◆ **Task requirements**: From the first line to the last, transcribe the data exactly.

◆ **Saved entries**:
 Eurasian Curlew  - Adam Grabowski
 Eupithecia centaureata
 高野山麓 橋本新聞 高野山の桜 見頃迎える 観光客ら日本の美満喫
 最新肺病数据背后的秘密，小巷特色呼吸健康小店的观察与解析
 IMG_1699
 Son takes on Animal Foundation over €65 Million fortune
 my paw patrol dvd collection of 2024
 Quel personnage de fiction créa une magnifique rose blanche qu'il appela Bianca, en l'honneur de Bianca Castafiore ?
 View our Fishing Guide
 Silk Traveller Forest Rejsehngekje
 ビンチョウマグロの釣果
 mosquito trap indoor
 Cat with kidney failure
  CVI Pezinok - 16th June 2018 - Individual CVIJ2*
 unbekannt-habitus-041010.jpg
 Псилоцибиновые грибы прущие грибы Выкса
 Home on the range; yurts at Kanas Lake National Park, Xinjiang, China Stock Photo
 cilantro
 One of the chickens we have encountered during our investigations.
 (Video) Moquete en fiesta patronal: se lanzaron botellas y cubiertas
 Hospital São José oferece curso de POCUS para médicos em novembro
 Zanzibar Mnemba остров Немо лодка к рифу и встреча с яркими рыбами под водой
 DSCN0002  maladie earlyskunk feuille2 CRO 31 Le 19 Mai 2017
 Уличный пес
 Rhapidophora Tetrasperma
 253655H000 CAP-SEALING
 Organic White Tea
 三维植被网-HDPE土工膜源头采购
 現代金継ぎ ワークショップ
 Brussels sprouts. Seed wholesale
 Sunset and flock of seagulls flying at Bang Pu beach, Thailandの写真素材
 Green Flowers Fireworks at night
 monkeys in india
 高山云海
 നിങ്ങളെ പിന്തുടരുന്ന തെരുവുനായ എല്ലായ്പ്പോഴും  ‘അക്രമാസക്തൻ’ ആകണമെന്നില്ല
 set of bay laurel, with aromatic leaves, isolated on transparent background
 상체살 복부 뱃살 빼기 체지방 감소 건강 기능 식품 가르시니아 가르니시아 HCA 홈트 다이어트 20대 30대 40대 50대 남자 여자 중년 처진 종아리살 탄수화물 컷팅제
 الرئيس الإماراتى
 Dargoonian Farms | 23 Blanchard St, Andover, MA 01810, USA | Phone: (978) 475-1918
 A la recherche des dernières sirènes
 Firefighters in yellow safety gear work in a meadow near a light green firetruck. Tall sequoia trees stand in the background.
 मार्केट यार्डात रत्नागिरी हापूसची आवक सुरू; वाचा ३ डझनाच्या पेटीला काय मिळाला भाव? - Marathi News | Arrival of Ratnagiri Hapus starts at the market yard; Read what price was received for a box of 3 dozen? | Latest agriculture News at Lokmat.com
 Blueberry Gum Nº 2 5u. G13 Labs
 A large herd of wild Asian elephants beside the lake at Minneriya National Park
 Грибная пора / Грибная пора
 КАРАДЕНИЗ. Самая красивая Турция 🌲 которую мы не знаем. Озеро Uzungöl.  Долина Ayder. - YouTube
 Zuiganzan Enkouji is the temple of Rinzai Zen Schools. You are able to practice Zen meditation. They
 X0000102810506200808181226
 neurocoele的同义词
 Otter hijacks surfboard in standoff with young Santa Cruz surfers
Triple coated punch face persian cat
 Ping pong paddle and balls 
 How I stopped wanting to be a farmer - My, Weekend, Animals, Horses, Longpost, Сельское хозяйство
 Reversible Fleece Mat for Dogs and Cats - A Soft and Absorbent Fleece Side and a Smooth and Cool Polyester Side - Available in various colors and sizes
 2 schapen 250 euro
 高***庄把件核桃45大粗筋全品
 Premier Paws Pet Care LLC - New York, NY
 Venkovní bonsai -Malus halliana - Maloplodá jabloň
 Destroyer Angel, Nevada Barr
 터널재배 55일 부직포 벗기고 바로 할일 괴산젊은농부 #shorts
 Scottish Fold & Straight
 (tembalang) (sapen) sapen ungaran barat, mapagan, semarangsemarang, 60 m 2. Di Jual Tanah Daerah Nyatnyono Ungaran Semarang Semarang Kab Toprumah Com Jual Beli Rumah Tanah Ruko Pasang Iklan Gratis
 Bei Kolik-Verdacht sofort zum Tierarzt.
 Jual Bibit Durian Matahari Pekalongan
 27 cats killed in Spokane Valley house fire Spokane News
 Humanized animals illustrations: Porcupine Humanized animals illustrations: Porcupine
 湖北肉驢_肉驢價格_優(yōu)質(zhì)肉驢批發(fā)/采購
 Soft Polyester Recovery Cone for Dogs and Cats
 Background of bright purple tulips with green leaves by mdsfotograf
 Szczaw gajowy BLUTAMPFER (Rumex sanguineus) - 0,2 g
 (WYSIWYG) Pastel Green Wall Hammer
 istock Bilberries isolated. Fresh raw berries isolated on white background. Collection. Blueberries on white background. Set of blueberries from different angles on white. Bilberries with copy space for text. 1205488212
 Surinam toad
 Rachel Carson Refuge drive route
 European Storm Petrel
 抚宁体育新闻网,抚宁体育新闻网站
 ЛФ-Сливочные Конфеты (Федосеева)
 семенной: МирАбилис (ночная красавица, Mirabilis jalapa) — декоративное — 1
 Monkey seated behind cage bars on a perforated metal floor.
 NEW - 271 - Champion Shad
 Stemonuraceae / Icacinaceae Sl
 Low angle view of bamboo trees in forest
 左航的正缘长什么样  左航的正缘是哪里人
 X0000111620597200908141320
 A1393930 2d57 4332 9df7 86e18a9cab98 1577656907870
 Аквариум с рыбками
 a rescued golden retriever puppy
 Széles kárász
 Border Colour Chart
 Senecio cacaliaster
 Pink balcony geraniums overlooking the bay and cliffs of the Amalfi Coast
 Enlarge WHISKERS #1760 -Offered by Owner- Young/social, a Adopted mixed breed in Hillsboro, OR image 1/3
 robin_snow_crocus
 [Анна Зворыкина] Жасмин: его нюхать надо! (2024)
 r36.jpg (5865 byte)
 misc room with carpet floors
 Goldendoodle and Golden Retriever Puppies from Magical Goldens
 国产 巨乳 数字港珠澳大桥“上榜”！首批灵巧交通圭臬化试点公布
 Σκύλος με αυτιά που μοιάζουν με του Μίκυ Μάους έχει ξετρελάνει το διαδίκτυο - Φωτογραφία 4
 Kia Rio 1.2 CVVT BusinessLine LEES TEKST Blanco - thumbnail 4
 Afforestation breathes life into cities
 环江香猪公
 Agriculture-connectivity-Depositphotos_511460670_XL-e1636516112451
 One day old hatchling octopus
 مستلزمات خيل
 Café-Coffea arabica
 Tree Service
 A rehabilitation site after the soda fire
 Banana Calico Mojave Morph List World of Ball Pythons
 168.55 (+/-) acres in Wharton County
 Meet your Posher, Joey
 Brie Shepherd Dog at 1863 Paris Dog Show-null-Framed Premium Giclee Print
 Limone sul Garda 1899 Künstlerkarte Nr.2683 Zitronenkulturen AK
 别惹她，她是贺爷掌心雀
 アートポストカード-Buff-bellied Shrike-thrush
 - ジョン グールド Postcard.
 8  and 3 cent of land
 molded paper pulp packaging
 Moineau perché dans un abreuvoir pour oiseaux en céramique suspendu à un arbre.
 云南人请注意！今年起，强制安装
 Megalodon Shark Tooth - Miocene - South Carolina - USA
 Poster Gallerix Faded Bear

◆ **Problem solution**:
 Eurasian Curlew  - Adam Grabowski
 Eupithecia centaureata
 高野山麓 橋本新聞 高野山の桜 見頃迎える 観光客ら日本の美満喫
 最新肺病数据背后的秘密，小巷特色呼吸健康小店的观察与解析
 IMG_1699
 Son takes on Animal Foundation over €65 Million fortune
 my paw patrol dvd collection of 2024
 Quel personnage de fiction créa une magnifique rose blanche qu'il appela Bianca, en l'honneur de Bianca Castafiore ?
 View our Fishing Guide
 Silk Traveller Forest Rejsehngekje
 ビンチョウマグロの釣果
 mosquito trap indoor
 Cat with kidney failure
  CVI Pezinok - 16th June 2018 - Individual CVIJ2*
 unbekannt-habitus-041010.jpg
 Псилоцибиновые грибы прущие грибы Выкса
 Home on the range; yurts at Kanas Lake National Park, Xinjiang, China Stock Photo
 cilantro
 One of the chickens we have encountered during our investigations.
 (Video) Moquete en fiesta patronal: se lanzaron botellas y cubiertas
 Hospital São José oferece curso de POCUS para médicos em novembro
 Zanzibar Mnemba остров Немо лодка к рифу и встреча с яркими рыбами под водой
 DSCN0002  maladie earlyskunk feuille2 CRO 31 Le 19 Mai 2017
 Уличный пес
 Rhapidophora Tetrasperma
 253655H000 CAP-SEALING
 Organic White Tea
 三维植被网-HDPE土工膜源头采购
 現代金継ぎ ワークショップ
 Brussels sprouts. Seed wholesale
 Sunset and flock of seagulls flying at Bang Pu beach, Thailandの写真素材
 Green Flowers Fireworks at night
 monkeys in india
 高山云海
 നിങ്ങളെ പിന്തുടരുന്ന തെരുവുനായ എല്ലായ്പ്പോഴും  ‘അക്രമാസക്തൻ’ ആകണമെന്നില്ല
 set of bay laurel, with aromatic leaves, isolated on transparent background
 상체살 복부 뱃살 빼기 체지방 감소 건강 기능 식품 가르시니아 가르니시아 HCA 홈트 다이어트 20대 30대 40대 50대 남자 여자 중년 처진 종아리살 탄수화물 컷팅제
 الرئيس الإماراتى
 Dargoonian Farms | 23 Blanchard St, Andover, MA 01810, USA | Phone: (978) 475-1918
 A la recherche des dernières sirènes
 Firefighters in yellow safety gear work in a meadow near a light green firetruck. Tall sequoia trees stand in the background.
 मार्केट यार्डात रत्नागिरी हापूसची आवक सुरू; वाचा ३ डझनाच्या पेटीला काय मिळाला भाव? - Marathi News | Arrival of Ratnagiri Hapus starts at the market yard; Read what price was received for a box of 3 dozen? | Latest agriculture News at Lokmat.com
 Blueberry Gum Nº 2 5u. G13 Labs
 A large herd of wild Asian elephants beside the lake at Minneriya National Park
 Грибная пора / Грибная пора
 КАРАДЕНИЗ. Самая красивая Турция 🌲 которую мы не знаем. Озеро Uzungöl.  Долина Ayder. - YouTube
 Zuiganzan Enkouji is the temple of Rinzai Zen Schools. You are able to practice Zen meditation. They
 X0000102810506200808181226
 neurocoele的同义词
 Otter hijacks surfboard in standoff with young Santa Cruz surfers
Triple coated punch face persian cat
 Ping pong paddle and balls 
 How I stopped wanting to be a farmer - My, Weekend, Animals, Horses, Longpost, Сельское хозяйство
 Reversible Fleece Mat for Dogs and Cats - A Soft and Absorbent Fleece Side and a Smooth and Cool Polyester Side - Available in various colors and sizes
 2 schapen 250 euro
 高***庄把件核桃45大粗筋全品
 Premier Paws Pet Care LLC - New York, NY
 Venkovní bonsai -Malus halliana - Maloplodá jabloň
 Destroyer Angel, Nevada Barr
 터널재배 55일 부직포 벗기고 바로 할일 괴산젊은농부 #shorts
 Scottish Fold & Straight
 (tembalang) (sapen) sapen ungaran barat, mapagan, semarangsemarang, 60 m 2. Di Jual Tanah Daerah Nyatnyono Ungaran Semarang Semarang Kab Toprumah Com Jual Beli Rumah Tanah Ruko Pasang Iklan Gratis
 Bei Kolik-Verdacht sofort zum Tierarzt.
 Jual Bibit Durian Matahari Pekalongan
 27 cats killed in Spokane Valley house fire Spokane News
 Humanized animals illustrations: Porcupine Humanized animals illustrations: Porcupine
 湖北肉驢_肉驢價格_優(yōu)質(zhì)肉驢批發(fā)/采購
 Soft Polyester Recovery Cone for Dogs and Cats
 Background of bright purple tulips with green leaves by mdsfotograf
 Szczaw gajowy BLUTAMPFER (Rumex sanguineus) - 0,2 g
 (WYSIWYG) Pastel Green Wall Hammer
 istock Bilberries isolated. Fresh raw berries isolated on white background. Collection. Blueberries on white background. Set of blueberries from different angles on white. Bilberries with copy space for text. 1205488212
 Surinam toad
 Rachel Carson Refuge drive route
 European Storm Petrel
 抚宁体育新闻网,抚宁体育新闻网站
 ЛФ-Сливочные Конфеты (Федосеева)
 семенной: МирАбилис (ночная красавица, Mirabilis jalapa) — декоративное — 1
 Monkey seated behind cage bars on a perforated metal floor.
 NEW - 271 - Champion Shad
 Stemonuraceae / Icacinaceae Sl
 Low angle view of bamboo trees in forest
 左航的正缘长什么样  左航的正缘是哪里人
 X0000111620597200908141320
 A1393930 2d57 4332 9df7 86e18a9cab98 1577656907870
 Аквариум с рыбками
 a rescued golden retriever puppy
 Széles kárász
 Border Colour Chart
 Senecio cacaliaster
 Pink balcony geraniums overlooking the bay and cliffs of the Amalfi Coast
 Enlarge WHISKERS #1760 -Offered by Owner- Young/social, a Adopted mixed breed in Hillsboro, OR image 1/3
 robin_snow_crocus
 [Анна Зворыкина] Жасмин: его нюхать надо! (2024)
 r36.jpg (5865 byte)
 misc room with carpet floors
 Goldendoodle and Golden Retriever Puppies from Magical Goldens
 国产 巨乳 数字港珠澳大桥“上榜”！首批灵巧交通圭臬化试点公布
 Σκύλος με αυτιά που μοιάζουν με του Μίκυ Μάους έχει ξετρελάνει το διαδίκτυο - Φωτογραφία 4
 Kia Rio 1.2 CVVT BusinessLine LEES TEKST Blanco - thumbnail 4
 Afforestation breathes life into cities
 环江香猪公
 Agriculture-connectivity-Depositphotos_511460670_XL-e1636516112451
 One day old hatchling octopus
 مستلزمات خيل
 Café-Coffea arabica
 Tree Service
 A rehabilitation site after the soda fire
 Banana Calico Mojave Morph List World of Ball Pythons
 168.55 (+/-) acres in Wharton County
 Meet your Posher, Joey
 Brie Shepherd Dog at 1863 Paris Dog Show-null-Framed Premium Giclee Print
 Limone sul Garda 1899 Künstlerkarte Nr.2683 Zitronenkulturen AK
 别惹她，她是贺爷掌心雀
 アートポストカード-Buff-bellied Shrike-thrush
 - ジョン グールド Postcard.
 8  and 3 cent of land
 molded paper pulp packaging
 Moineau perché dans un abreuvoir pour oiseaux en céramique suspendu à un arbre.
 云南人请注意！今年起，强制安装
 Megalodon Shark Tooth - Miocene - South Carolina - USA
 Poster Gallerix Faded Bear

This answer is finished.